The following post provides a framework for how SaaS marketers should think about metrics across the funnel.
The best way to think about marketing metrics is by mapping metrics to each stage of the marketing funnel.
The first step is to get your name out there in the world. If people don’t know about you, nobody is going to buy your product.
Generally speaking, this stage is least important from a metrics standpoint as it’s furthest from the business metrics that matter ($$). It’s also a trap stage. Too many marketers spend their time reporting on awareness metrics. Instead, they should focus more on down-funnel metrics like MQLs and Pipeline.
The next step is to get someone to take action and track those interactions. This means getting someone to give their email in exchange for something like an e-book, event, newsletter, quiz, etc.
Marketers need to turn the interest around the company into getting a prospect to think about using the product. This stage typically starts with a free trial sign up or demo request, which kickoff the sales conversation.
Marketing Qualified Leads (MQLs)
MQLs are leads that the marketing team (in partnership with sales) has defined as worthy of a sales conversation. These leads are sent over to the sales team for further qualification. Depending on your business model, you’ll have different definitions and sources of these MQLs, but here’s how to think about MQLs:
Importantly, there are often rules layered on top of MQLs to make sure they meet the sales team’s qualifications. These rules are usually based on firmographic and demographic details like geography, industry, company size, title of the prospect and more. The behavioral criteria combined with these rules determine the definition of an MQL.
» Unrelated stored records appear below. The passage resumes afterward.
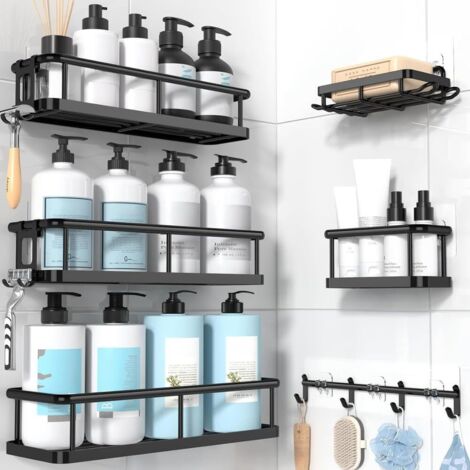 Lot de 6 étagères de douche sans perçage - Étagère de salle de bain sans perçage - Support de douche sans perçage - Support de shampooing pour douche - Acier inoxydable - Noir (1/5)
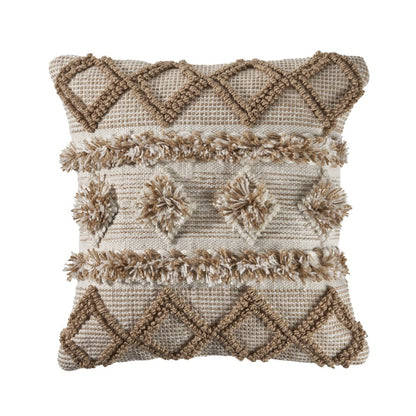 20" Beige And White Diamond Throw Pillow Cover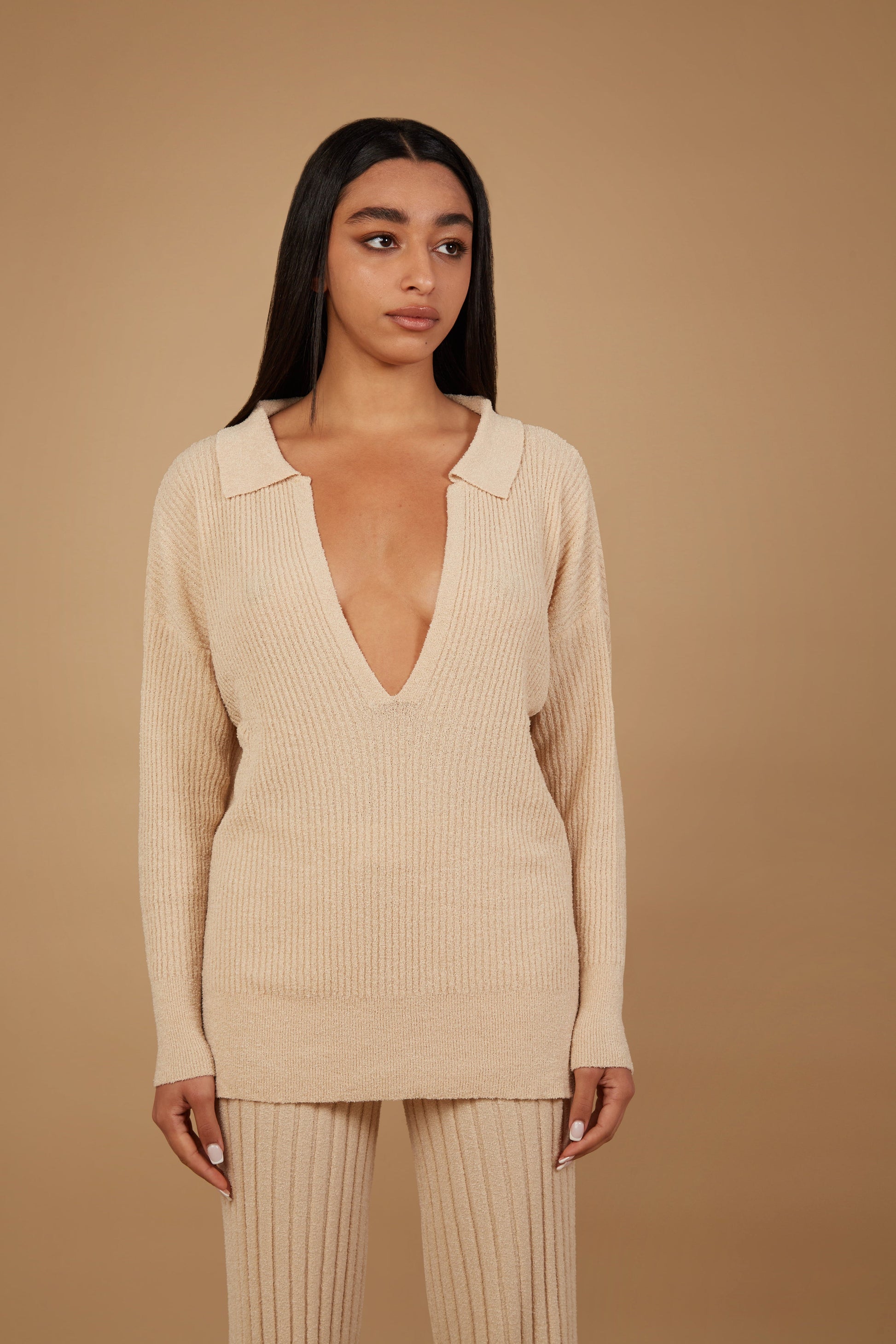 Polo Con Scollo Profondo - Calipso-POLO CON SCOLLO V-Tenné-S-CHAMPAGNE-Urbanheer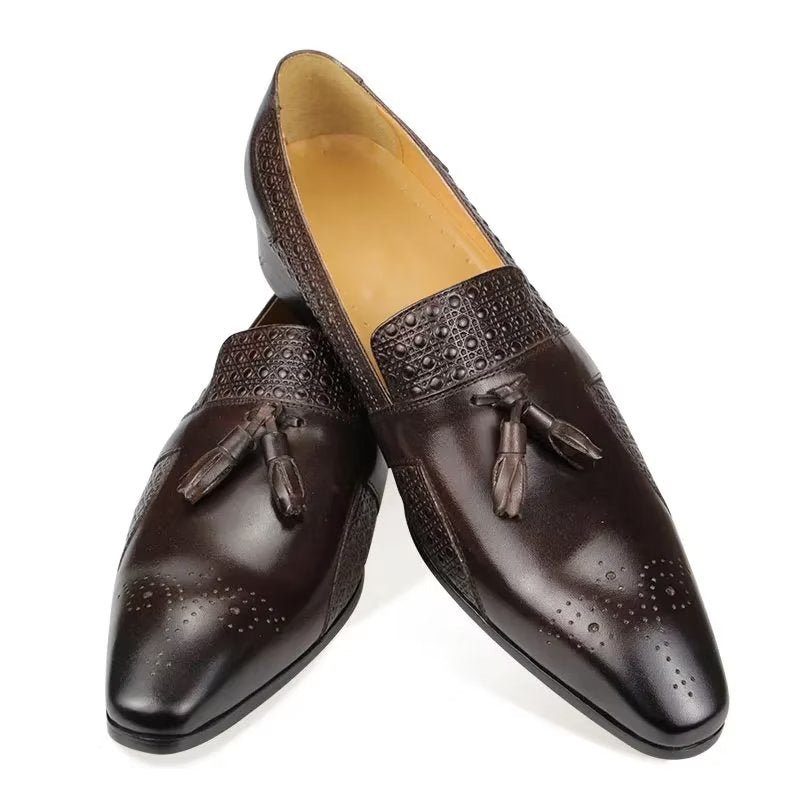 Formelle Sko Herre Læder Brogue Oxford Wedding Loafers - Kaffe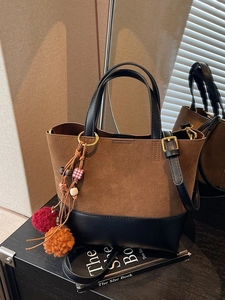 Vintage color-block tote bag in brown suede and black leather with ethnic charm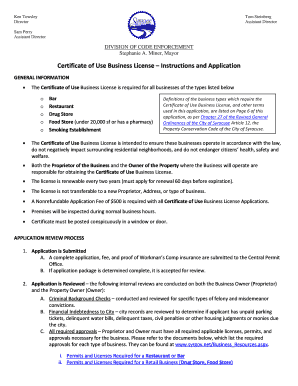 Certificate of Use Business License Application
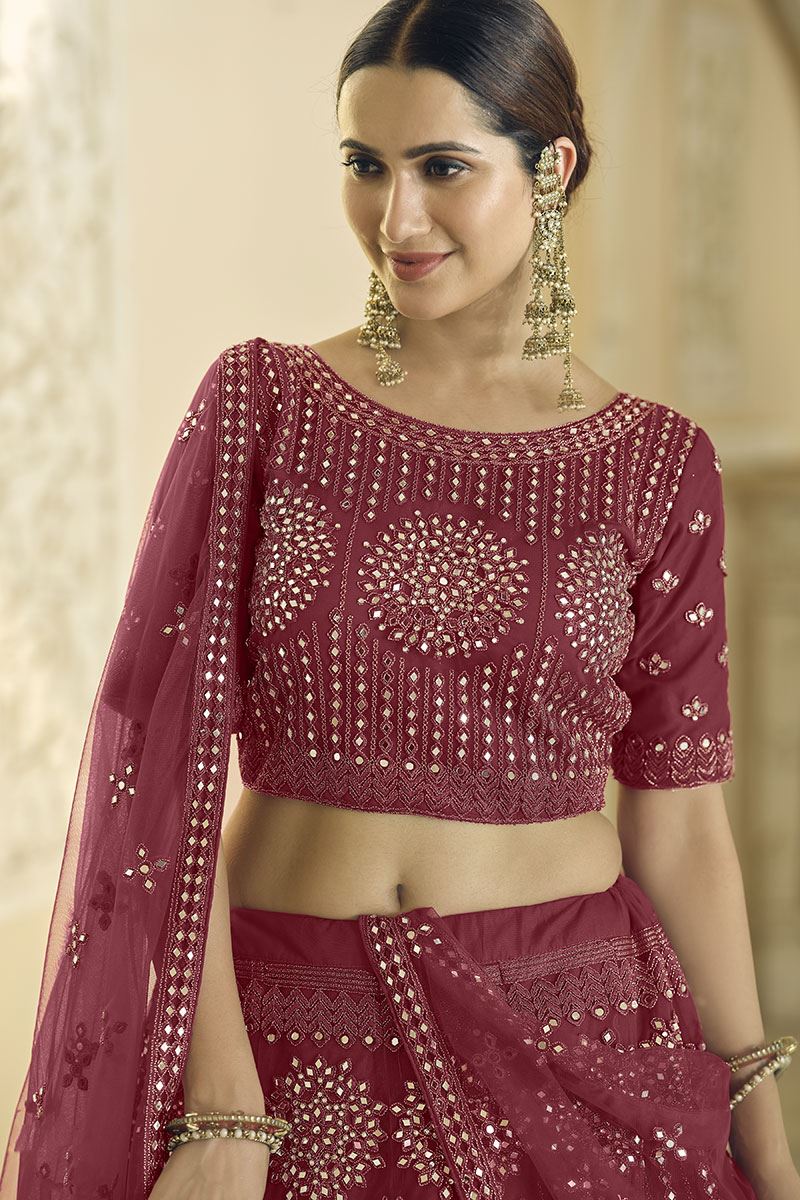 Dazzling Maroon Colored Designer Lehenga Choli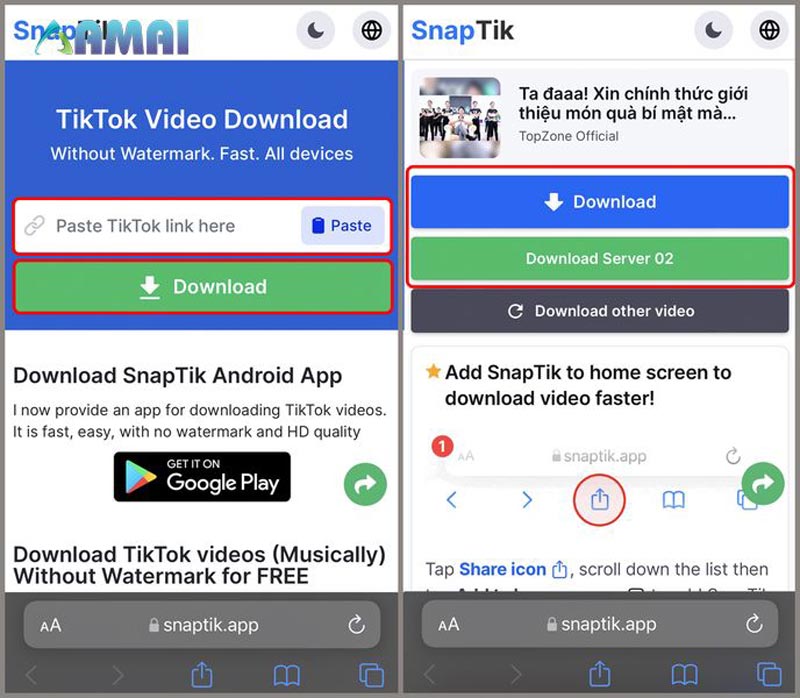 SnapTik - App tải video TikTok không logo trên Iphone phổ biến hiện nay 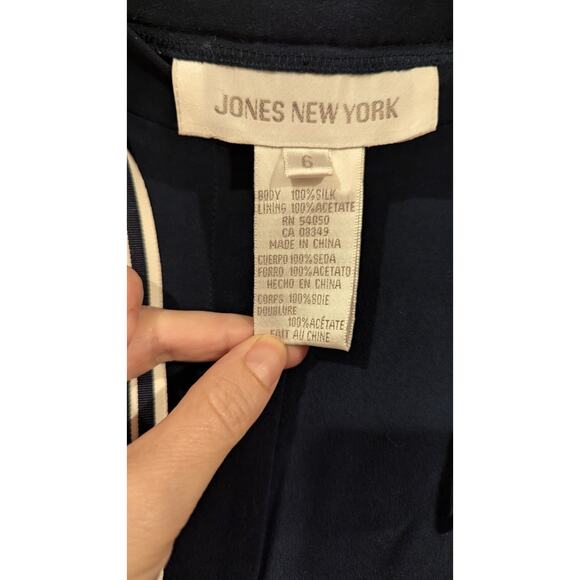 Vintage Jones NY NWT Navy and‎ white Nautical belt silk wide trousers Sz 6 - Picture 5 of 6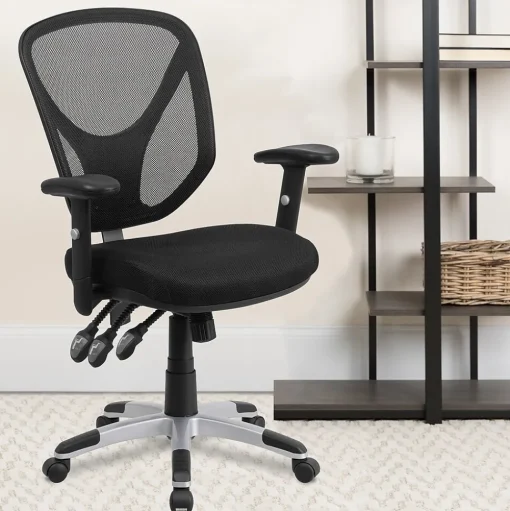 Flash Furniture Office Chairs<Sam Ergonomic Mesh Swivel Mid-Back Multifunction Task Office Chair, Black (GOWY89)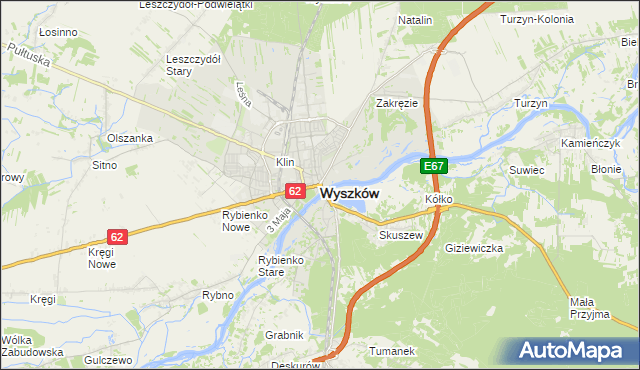 mapa Wyszków, Wyszków na mapie Targeo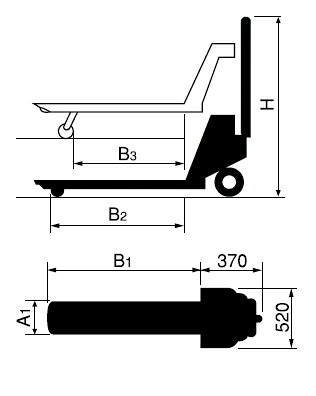 ビシャモン(スギヤス)　ハンドパレットトラック　一本フォークタイプ　J-BM08SS-1F...
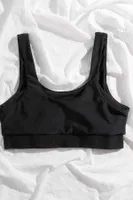 Angelsin Şık Tankini Bikini Üstü Siyah MS43459 Siyah detay görünüm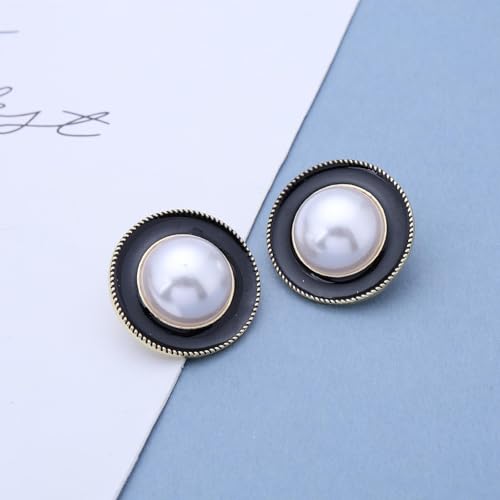 Vintage Pearl Black Enamel Earrings Large Round Pearl Stud Earrings Pearl Statement Earrings Exaggerated Pearl Button Earrings Jewelry for Women3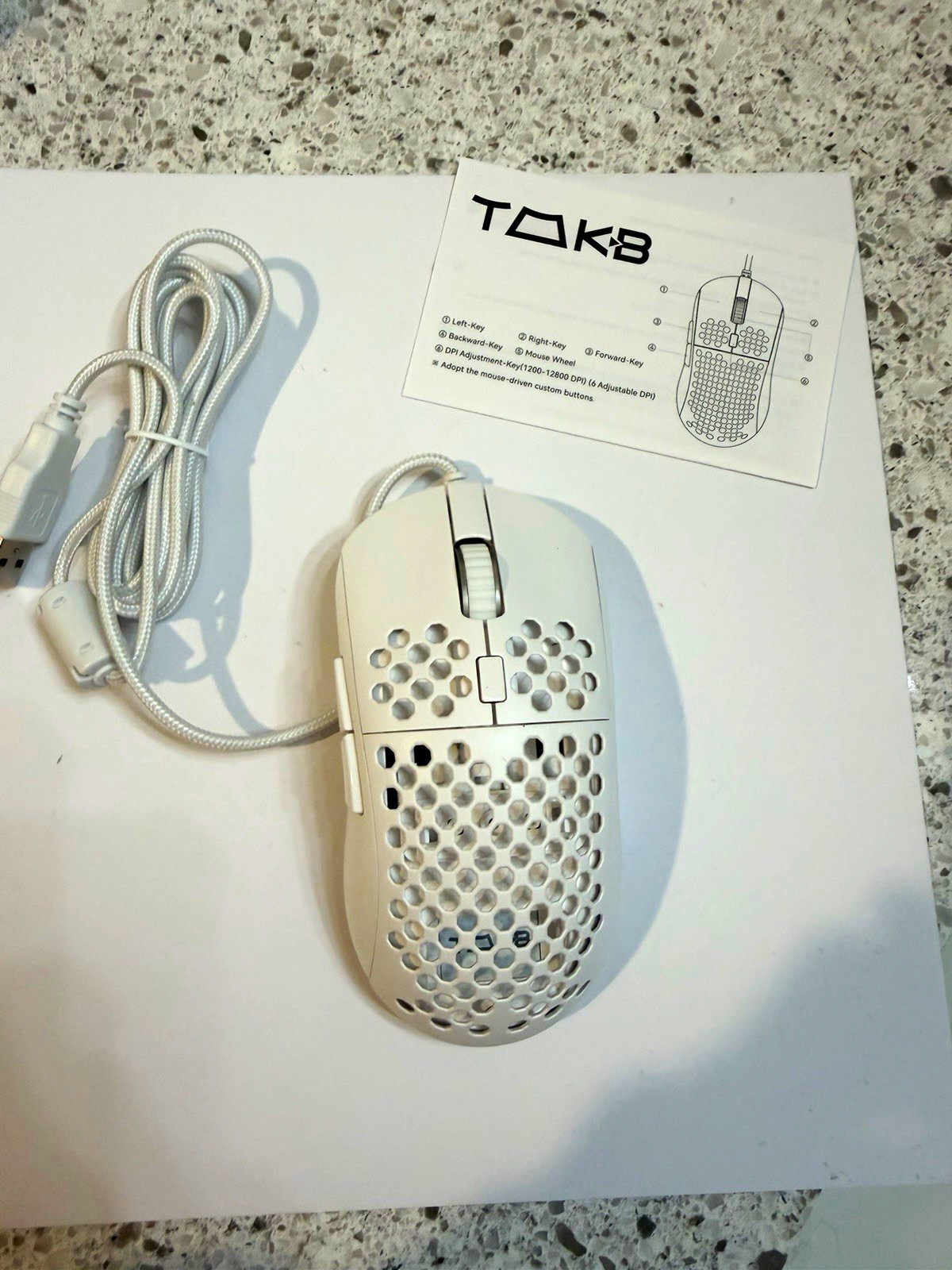TMKB M1 SE Wired USB Optical Gaming Mouse Honeycomb 6-Button 12800 DPI White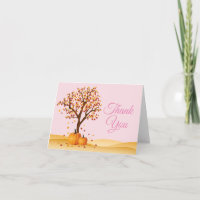 carte de remerciement rose citrouille arbres autom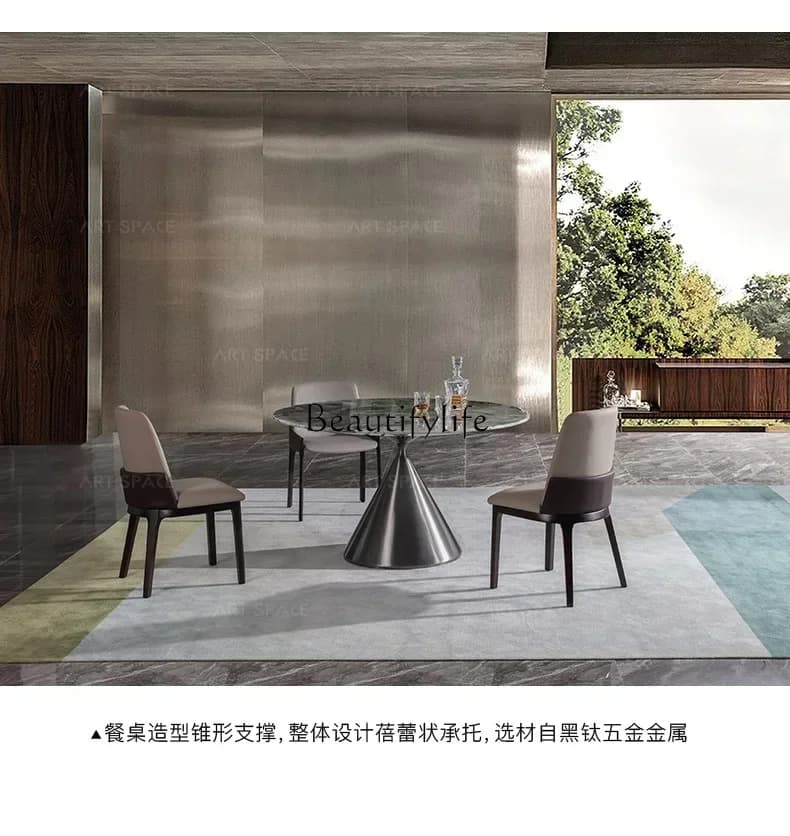 02ld 14 Modern light luxury round dining table, Italian minimalist villa marble dining table
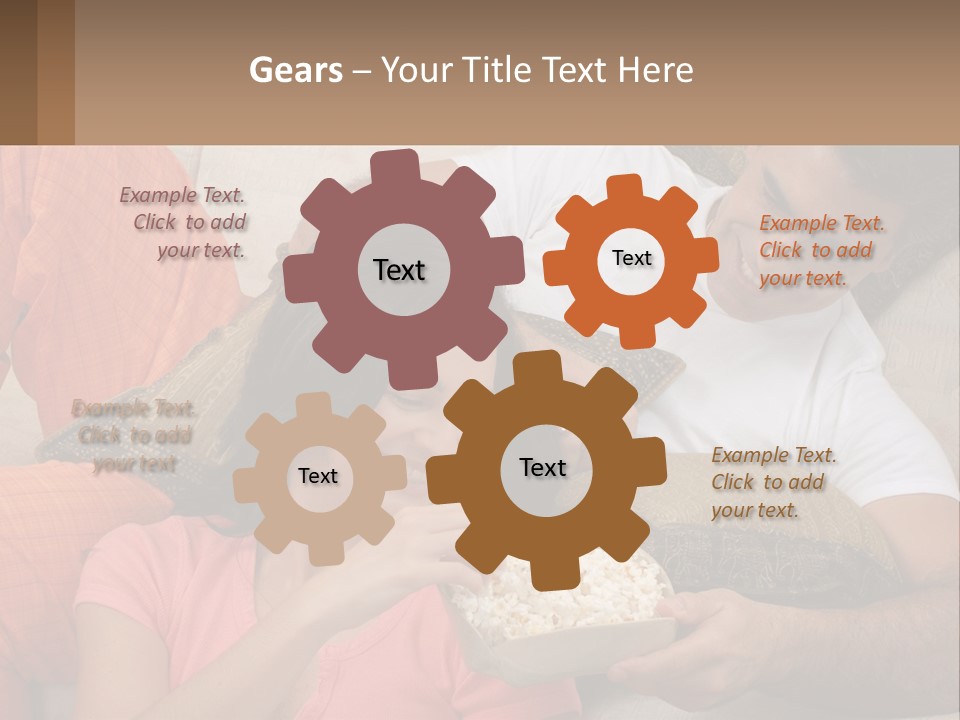 A Man And Woman Sitting On A Couch Eating Popcorn PowerPoint Template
The next step from an MQL or outbound sales conversation is to set up a meeting. There’s oftentimes an intro meeting and then a proper demo meeting, but every company has their own unique sales process. Regardless, it’s important for you to track the number of meetings that are happening each month.
Now, the sales team will determine whether a prospect is really interested in buying the product. If the buyer meets the requirements, then they will become a Sales Qualified Lead (SQL) or Opportunity. Every organization has their own rules, but it generally means that the SQL wants to make a purchasing decision in the near future.
It’s important for marketing teams to track the number of these opportunities. But more importantly, the overall dollar value of these opportunities. This is called Pipeline.
Pipeline is the most important metric for SaaS marketing teams. Pipeline assigns a dollar value to marketing activities which brings the metric closer to the ultimate goal: revenue. Pipeline shows how marketing is making an impact on business objectives and supporting the sales team. Pipeline is the metric that the board will want to hear about.
In the evaluation stage, the sales team takes over and the marketing team plays a supporting role.
There’s no major marketing metrics to track during this stage. Advanced marketing teams start to track campaign engagement (ex.are they attending our prospect dinner?) and what resources the prospect is engaging with to support the sales rep.
The prospect agrees to become a customer. Yay!
Marketing teams need to support the product and CX team in making sure the customers are happy and they will renew their subscription.
In the early stages of a company, marketing teams are focused more on driving more new logo business. But as the customer base expands the team’s focus transitions to retention/upsell revenue.
Marketing teams need to amplify happy customers and their stories. There’s no single way to measure customer advocacy, so companies will often take a variety of inputs to create a customer advocacy score.
Metrics to include in customer advocacy score:
One of the most important ways to understand the business is through the different rates across the funnel. The number of people who move between each step that we just walked through above.
Touchpoint > Demo > Meeting > SQL > Closed Won
Web Visit to Demo: the rate that people who visit your website request a demo
MQL to Meeting: the rate at which people who request a demo book a meeting
MQL to SQL: the rate sales accepts leads from marketing
Close Rate: the rate sales closes opportunities
MQL to Closed: the percentage of MQLs that close
Once you understand the funnel rates, you can predictably scale the entire go-to-market engine. You’re able to understand how much revenue you can drive as you add more prospects into the funnel.
Here’s what the metrics and their stages look like in a simple model from Interest to Purchase.
As you start to analyze your funnel, here’s a few things to keep in mind:
Look at your data by different segments. At Lattice, we analyzed our segments by company size. The performance of segments can vary widely. SMB sales cycles are very different from ENT sales. As a result, it’s important that you measure everything by segment to really understand what’s going on in the business.
Track how groups move through the funnel, rather than in aggregate. For example, the MQLs that came in during March. How many of those MQLs turned into SQLs and Deals? This will give you a sense of how your funnel rates are changing over time.
When you take a snapshot of your overall funnel, remember that many of the prospects are still moving through the funnel. Make sure you take snapshots of a mature funnel and understand how long it takes each segment to move through the funnel.